La seconde discipline recouvre les connaissances bibliques. Cette partie de l’enseignement est taillée sur mesure en fonction du parcours de l’apprenant : si l’apprenant a déjà été formé dans une institution d’enseignement théologique, il pourra poursuivre son parcours vers un grade d’étude supérieur ou choisir une matière dans laquelle il souhaite approfondir ses connaissances. Dans le cas contraire, ce cours sera donné sous forme d’elearning, de cours par correspondance ou autres, dispensés par des organes de formation accrédités par le CFRi. Ce second volet de formation est encadré par l’union d’Églises qui envoie son futur implanteur en formation. Le coût de la formation en CFRi est de 4 000 €/an par apprenant implanteur, 2 000 €/an par équipier.

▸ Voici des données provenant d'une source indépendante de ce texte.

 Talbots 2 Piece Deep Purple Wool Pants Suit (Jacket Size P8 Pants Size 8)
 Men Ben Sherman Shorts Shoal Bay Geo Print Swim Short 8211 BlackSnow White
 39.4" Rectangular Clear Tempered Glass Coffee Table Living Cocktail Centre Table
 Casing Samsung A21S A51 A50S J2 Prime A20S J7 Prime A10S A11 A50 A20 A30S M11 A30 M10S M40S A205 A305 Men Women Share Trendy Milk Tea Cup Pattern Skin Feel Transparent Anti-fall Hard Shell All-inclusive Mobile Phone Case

Encore un mot d’explication sur la souplesse de mise en place d’un CFRi. Chaque union d’Églises peut mettre en place un CFRi, en choisissant son directeur, son équipe de formateurs, ses étudiants pour autant qu’elle respecte le «cahier des charges CFRi» formalisé par la commission d’implantation de nouvelles Églises du CNEF. Cette dernière se porte garant de la qualité de la formation en vérifiant le bon fonctionnement du CFRi par le moyen d’un audit annuel. De plus, rien n’empêche de faire du CFRi un projet inter-Églises dans une agglomération, un département ou même un projet inter unions d’Églises. Cette souplesse devrait stimuler le développement de cet outil au service de la vision d’une Église pour dix mille habitants. Aux moins cinq unions d’Églises ont déjà manifesté leur intérêt pour la mise en place d’un CFRi au sein de leur famille.

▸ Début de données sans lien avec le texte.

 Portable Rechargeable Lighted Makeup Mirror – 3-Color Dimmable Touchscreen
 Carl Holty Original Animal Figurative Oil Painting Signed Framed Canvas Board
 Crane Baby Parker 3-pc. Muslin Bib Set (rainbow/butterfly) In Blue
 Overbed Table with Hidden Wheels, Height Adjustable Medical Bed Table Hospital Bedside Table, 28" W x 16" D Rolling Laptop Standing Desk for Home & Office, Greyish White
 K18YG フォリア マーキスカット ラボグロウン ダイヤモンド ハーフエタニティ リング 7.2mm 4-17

Arrivé à Loches avec beaucoup de questions, j’ai quitté la ville impressionné par la qualité du programme, la pertinence du concept dans notre contexte évangélique français et son adaptabilité aux différentes sensibilités évangéliques sans pour autant émousser les points forts du programme.

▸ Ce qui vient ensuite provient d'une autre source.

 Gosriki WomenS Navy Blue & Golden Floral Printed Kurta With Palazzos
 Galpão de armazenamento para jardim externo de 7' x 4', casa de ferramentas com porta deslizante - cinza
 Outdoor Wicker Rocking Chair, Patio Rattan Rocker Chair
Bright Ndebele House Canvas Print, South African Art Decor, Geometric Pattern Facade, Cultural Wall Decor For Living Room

A l’heure actuelle, seul manque le recul pour apprécier dans la réalité ce qui sur le papier et dans le premier essai pilote de Loches, semble être prometteur. Mais le seul moyen d’avoir du recul, c’est de l’expérimenter, donc de le multiplier afin de l’affiner aux fils des expériences.
ÉRIC WAECHTER
NOTES
1 Pour la formation pratique, les responsables actuels parlent volontiers «d’éduc-situation» qui désigne l’apprentissage en situation réelle d’exercice du futur ministère.